Isa Maria de Oliveira - Quando se faz um acompanhamento das
famílias que recebem transferência de renda, faz-se o acompanhamento de duas
condicionalidades. Entre elas estão a condicionalidade da frequência à escola –
e volto a dizer que frequência à escola não é rendimento escolar. Sem dúvida,
porém, nenhum programa de transferência de renda contribuiu para a maior
frequência escolar, até porque, se a criança não tiver 85% de frequência, a
família corre o risco de receber uma advertência e até de perder a bolsa.
De todo modo, não podemos aceitar
que 571 mil crianças estejam fora da escola. Percentualmente esse valor é
“pequeno”, mas, quando se vê o universo de crianças fora da escola, o número é
inaceitável, sobre tudo nessa faixa de 6 a 14 anos. Já é de longa data que está
posto na Constituição e no Plano Nacional de Educação que a escola é
obrigatória, tem que ser ofertada e tem de se garantir a frequência e o sucesso
escolar. Então, é inaceitável que se registrem números tão elevados.

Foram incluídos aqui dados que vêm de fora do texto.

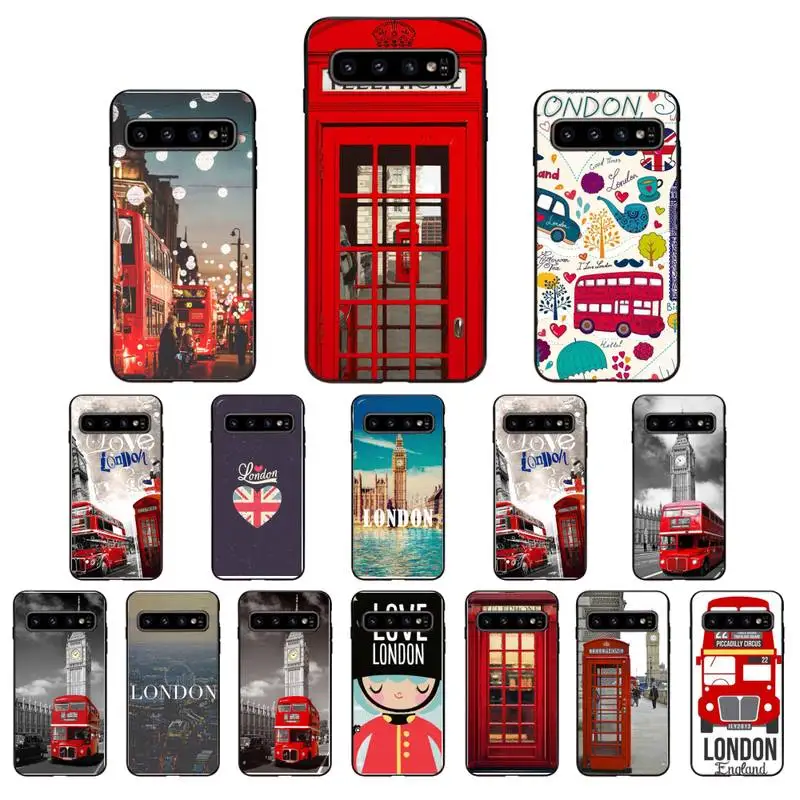 london bus england telephone Big Ben Phone Case For Samsung S24 S23 S22 S21 S20 Ultra S20 S22 S21 S10E S20 FE S24 Plus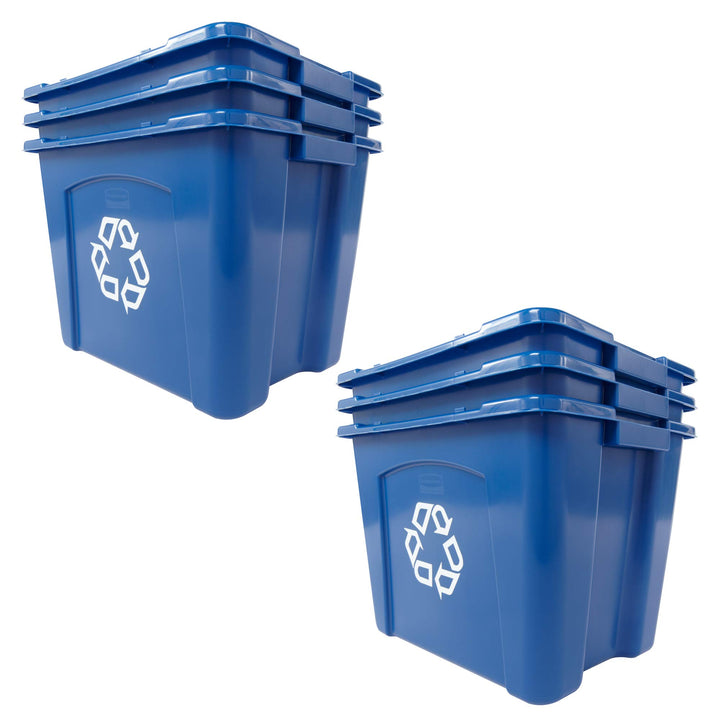 Rubbermaid fg571473blue Recycling Bin, 14 Gallon, blau, 6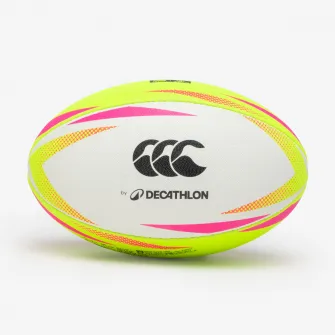 Decathlon Minge de Rugby M4 - Minge de Touch  | Canterbury Galben si Roz fluo, 4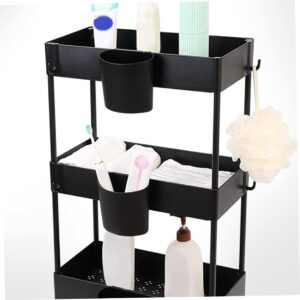 NOLITOY 4pcs Tools Storage Bins Trash Can Cart Hanging Basket Shopping Cart Cup Holder Hanging Organizer Salon Cart Attachment Small Hanging Bucket Plastic Wastebasket Household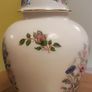 Vintage Aynsley Fine Bone China Ginger Jar | Wild Tudor Floral Covered Urn Image 2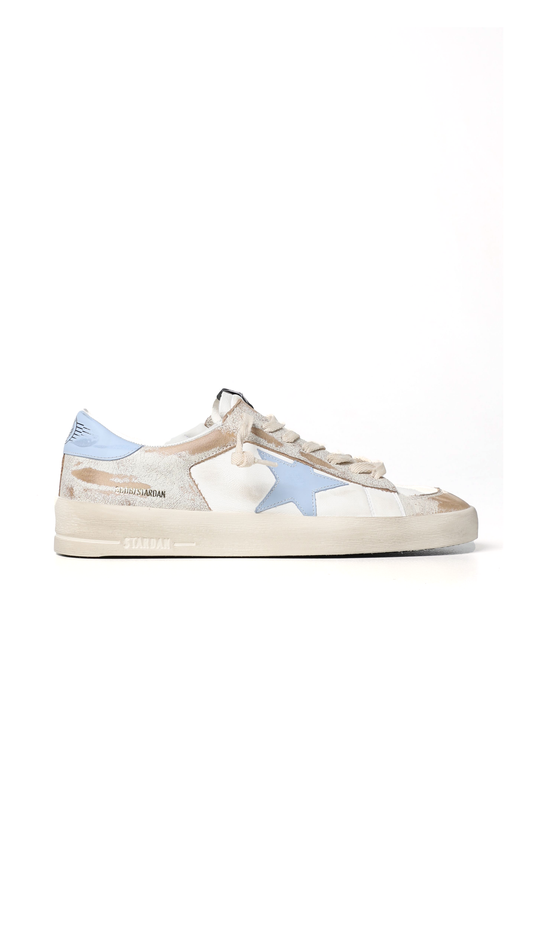 Stardan Sneakers - White / Blue Fog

O Programa de Transferência de
Renda impactou na frequência escolar e no melhor acompanhamento da saúde da
criança. Mas temos muitos depoimentos de quem trabalha nos municípios segundo
os quais é comum que famílias recebam o benefício, a criança frequente a
escola, a criança cumpre o calendário vacinal, faça o acompanhamento de saúde
e, ainda assim, trabalhe. Então, para o trabalho infantil o impacto do programa
de distribuição de renda não foi o desejável e nem o esperado. Em nossa
avaliação, há uma coisa mais grave: o Programa de Transferência de Renda não
contribuiu para que as famílias tivessem uma compreensão sobre o trabalho
infantil, e o poder municipal também se omite em relação a ele. A família pode
receber a transferência de renda por uma situação de pobreza e manter a criança
no trabalho infantil. E o município não precisa cofinanciar, porque existe o
financiamento do governo federal para os chamados serviços socioeducativos.

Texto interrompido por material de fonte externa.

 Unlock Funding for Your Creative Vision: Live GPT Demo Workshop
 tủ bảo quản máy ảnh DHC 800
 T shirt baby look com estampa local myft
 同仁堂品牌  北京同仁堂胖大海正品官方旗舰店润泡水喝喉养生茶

Então, o governo municipal não identifica e não reconhece que há trabalho
infantil, ou seja, não faz esse cofinanciamento. Enquanto isso, o Programa de
Transferência de Renda está aí, cobrindo mais de 14 milhões de famílias. É
muito preocupante, porque esse programa deveria impactar diferentemente no dia
a dia das crianças.
IHU On-Line - Em que estados é possível perceber o
predomínio do trabalho infantil?
Isa Maria de Oliveira - Nos três estados do Sul os
percentuais de trabalho infantil são elevados, estão acima da média nacional.

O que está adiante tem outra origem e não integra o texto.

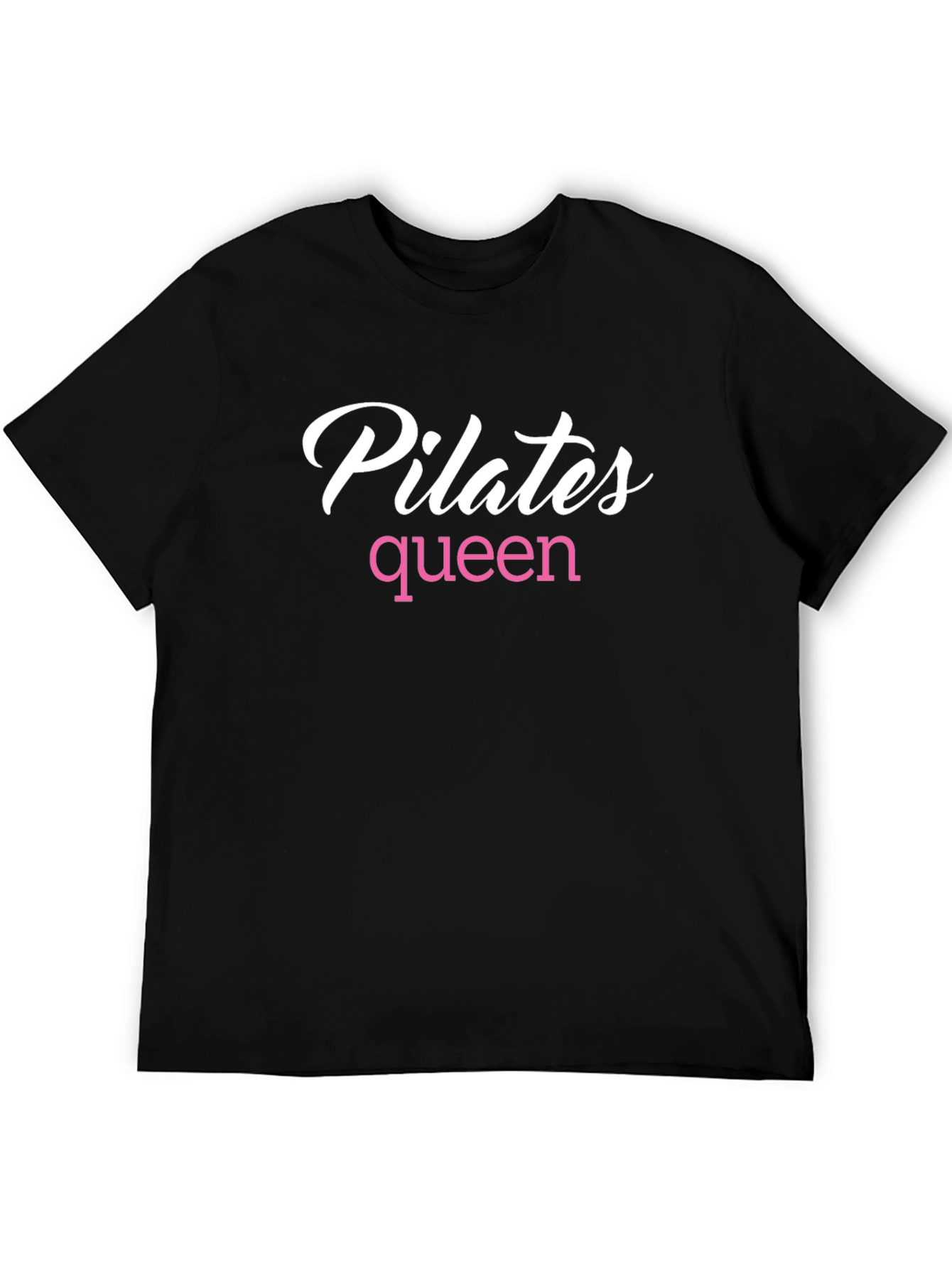 Pilates Queen Black T-Shirt - Fitness Apparel
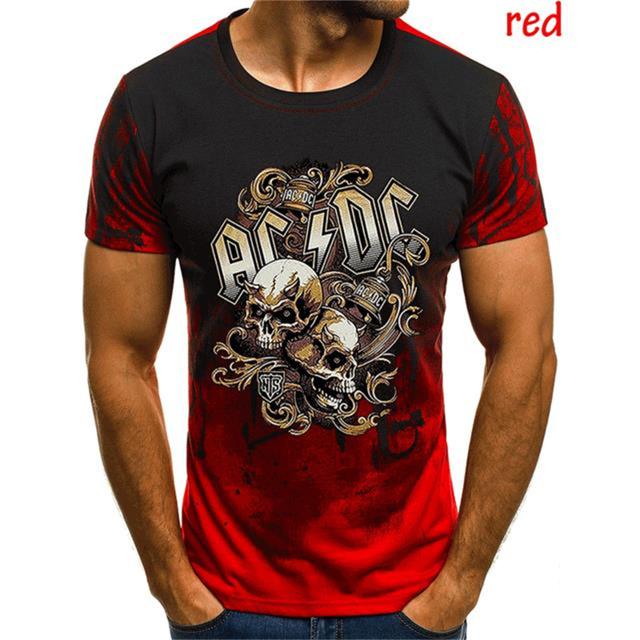 Baibao QIQI Zomer heren T-shirt Korte mouwen Plus Size Hiphop Jeugd heren Rock Band 3d Gedrukt Straat Casual T-shirt XL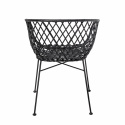 Loungestoel \'Kama\' - Zwart/Rotan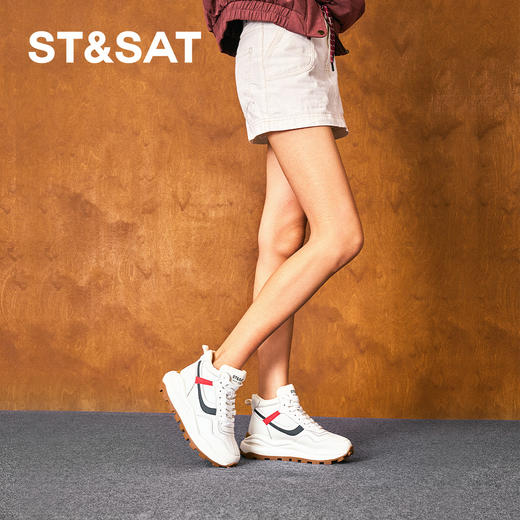 【加绒保暖】星期六潮流活力运动短靴SSD4118524 商品图4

As regiões Sul e Norte, de acordo com os dados do último censo, são as que têm
maior incidência do trabalho infantil. Então, o Nordeste apresentou realmente
resultados positivos, embora a situação ainda seja grave, mas a diferença de
percentual da região Norte para a região Sul é de 0,1%.
Como se tem uma densidade
populacional muito maior no Sul, o percentual fica mais elevado do que no
Norte. No Sul essa situação precisa ser ressaltada, porque se têm mais
desenvolvimento econômico, mais escolas e os percentuais de trabalho infantil
são muito elevados.
IHU On-Line - Como avalia o Estatuto da Criança e do
Adolescente – ECA?
Isa Maria de Oliveira - Este Estatuto é um marco, apesar de
ainda não estar plenamente implementado. Defendemos que um dos artigos – o de
n. 248 – seja imediatamente revogado. Ele trata da vinda de adolescentes de
outras comarcas, e a família que busca ou que recebe esse adolescente tem um
prazo de cinco dias para informar a autoridade legal sobre a guarda dessa
criança, que irá prestar serviços domésticos. Esse artigo é um claro
incentivador do trabalho infantil, e isso se agrava mais porque o Brasil, em
2008, aprovou um decreto que define o trabalho infantil doméstico como uma das
piores formas de trabalho.
Esse artigo está na contramão,
sobretudo porque o trabalho infantil doméstico, como todos sabem, é oculto, de
difícil fiscalização. Essa é uma das formas de trabalho que mais traz prejuízos
para o rendimento escolar, porque a jornada é atenuante; muitos não têm nenhum
descanso semanal; em muitos casos a jornada se estende, porque o trabalho é
quase que ininterrupto. Em alguns o adolescente frequenta a escola, mas ele
chega exausto para acompanhar as aulas; ele não tem como preparar as tarefas.
Isa Maria de Oliveira é graduada em Ciências Sociais pela
Universidade Federal de Goiás, e pós-graduada na mesma área pela Pontifícia
Universidade Católica de São Paulo – PUC-SP.